Составитель сборников стихов в 1960-м, в 1968 году, составляя уже документальные свидетельства для «Полдня» и для «Хроники», Наталья Горбаневская искала язык, который позволил бы читателю эмоционально переживать вроде бы безоценочно поданный материал:
«Так я говорю, что текст записи суда — это готовая радиопьеса. <…> Никого не видно, только голоса. Потому что голоса, мне кажется, здесь важнее»11 .
Вот эти голоса отчасти звучат уже в ее письме к Владимиру Ашкенази — но лишь там, где речь идет о деле Бродского, за которым Наталья Горбаневская, видимо, очень следила. В том же абзаце, где она описывает «выставку такелажников», ей, судя по этой детали, менее известной, дважды появляется слово «власти» — обратим внимание на эту деталь, на эту привычку обобщенно-отчужденного отношения к инстанциям, постепенно вытесняемую оптикой журналиста и литератора, стремящегося произвести на своего читателя действительно сильное впечатление.
Защищать Бродского взялись старшие: люди, имевшие уже уважаемый в советских институциях статус. Сверстники Бродского, Гинзбурга и Горбаневской, «молодые литераторы Ленинграда», написали и подписали письмо в комиссию по работе с молодыми авторами ленинградского отделения Союза писателей. Они, как и Бродский, были ленинградцы, они, как и Бродский, были молодые писатели — Гинзбургу и Горбаневской в этой защите как бы не было места: роль хронографа еще не обнаружилась, не была увидена как важная. У записи суда над Бродским, сделанной Вигдоровой, было два адресата — и трудно сказать, какой ей был важнее, но предположим, что все же первый: чиновники, от которых зависел пересмотр дела, и знакомые, которым она давала запись. Но все-таки уже не знакомые знакомых: на неконтролируемое распространение ее записи она не рассчитывала, а когда обнаружила его, оно ее испугало — это могло помешать пересмотру дела Бродского. Но именно Гинзбург, таково предположение Вл. Орлова, передал справку о деле Бродского за границу — с тем же Полом Секлоча, с которым через месяц не смог передать письмо Горбаневской. И тем самым сделал задачу информирования о неправом суде не менее, а может быть, и более важной, чем саму задачу защиты.

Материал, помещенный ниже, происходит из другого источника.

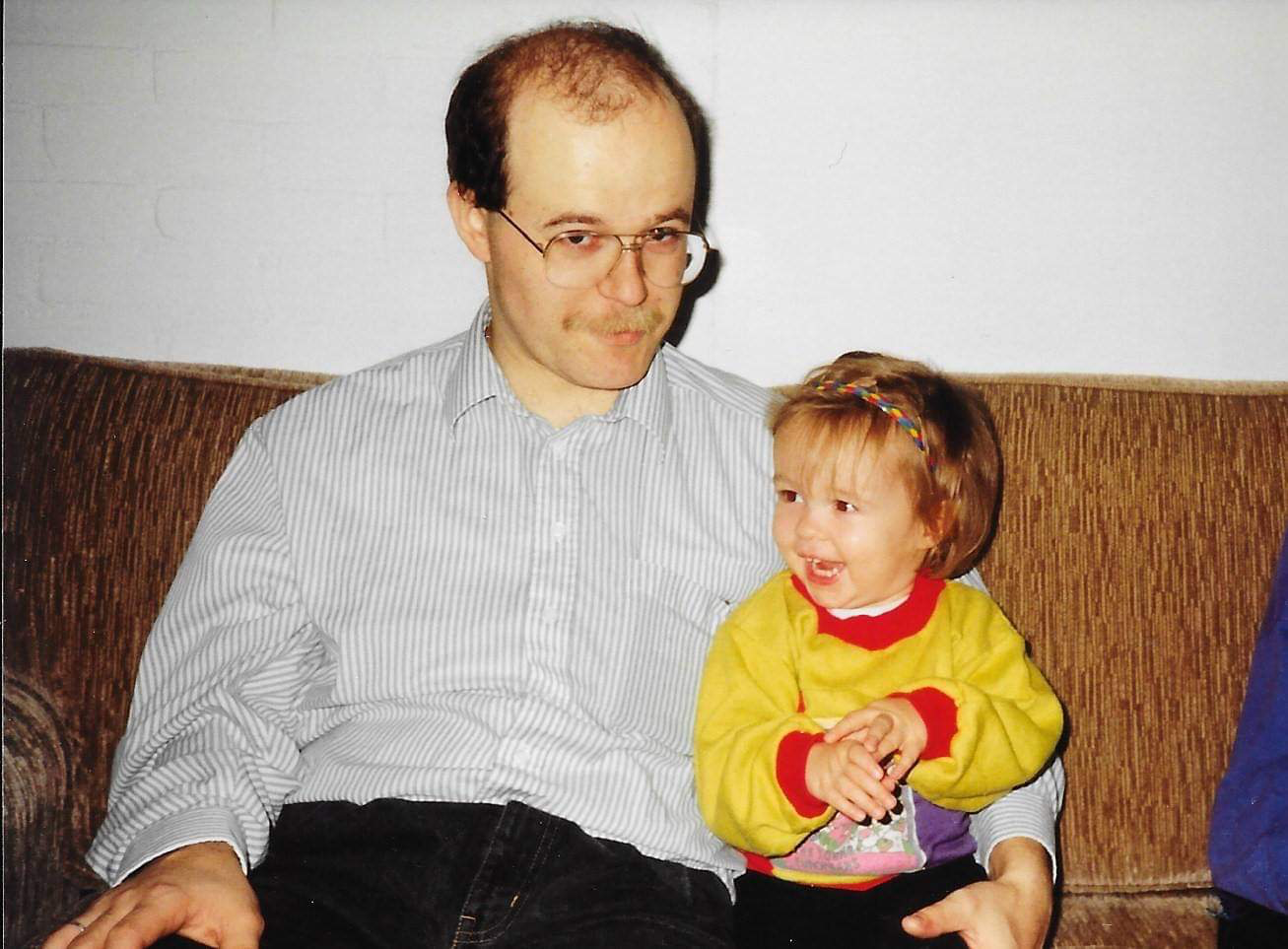 Een man met een bril en een lichte geruite overhemd zit op een bankje terwijl een jong meisje met een kleurrijk shirt en een hoofdband naast hem zit, beiden kijken naar elkaar.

Гинзбург, в отличие от Горбаневской, был знаком с Вигдоровой. В 1964 г. он был у нее на депутатском приеме, он был у нее в Тарусе — и там и там вместе с Андреем Амальриком, которому она помогала в 1961 г. с восстановлением в МГУ. Все очень близко. В 1966 г. «Белую книгу» (названную так, впрочем, не им самим, но издателями) Александр Гинзбург посвятит памяти Фриды Вигдоровой, в 1968 г. Андрей Амальрик будет завершать не законченную перед выходом на Красную площадь Павлом Литвиновым книгу «Процесс четырех» о деле Гинзбурга, Галанскова, Лашковой и Добровольского, в 1968–1969-х годах. Наталья Горбаневская будет работать над «Полднем» и «Хроникой текущих событий». И это будет первый расцвет «поэтики документа» в литературе на русском языке, следующий — уже после развала Советского Союза. В 1964 г., в связи с делом Бродского, эта поэтика как раз и вызревала. И, конечно, связанная с ней практика.
* * *
9.V.64 Дорогой Володя!
Мне, наконец, представляется случай написать вам в обход родимой советской почты. Видимо, и дальше я время от времени буду иметь такую возможность. Но, конечно, сейчас, после того, как мы более года не виделись и не переписывались, эта возможность особенно драгоценна.
А дальше я растерялась: целый год за плечами — что писать?
Резкая граница между 63 и 64-м годом: недаром високосный год считается тяжелым, такого тяжелого у нас давно не было.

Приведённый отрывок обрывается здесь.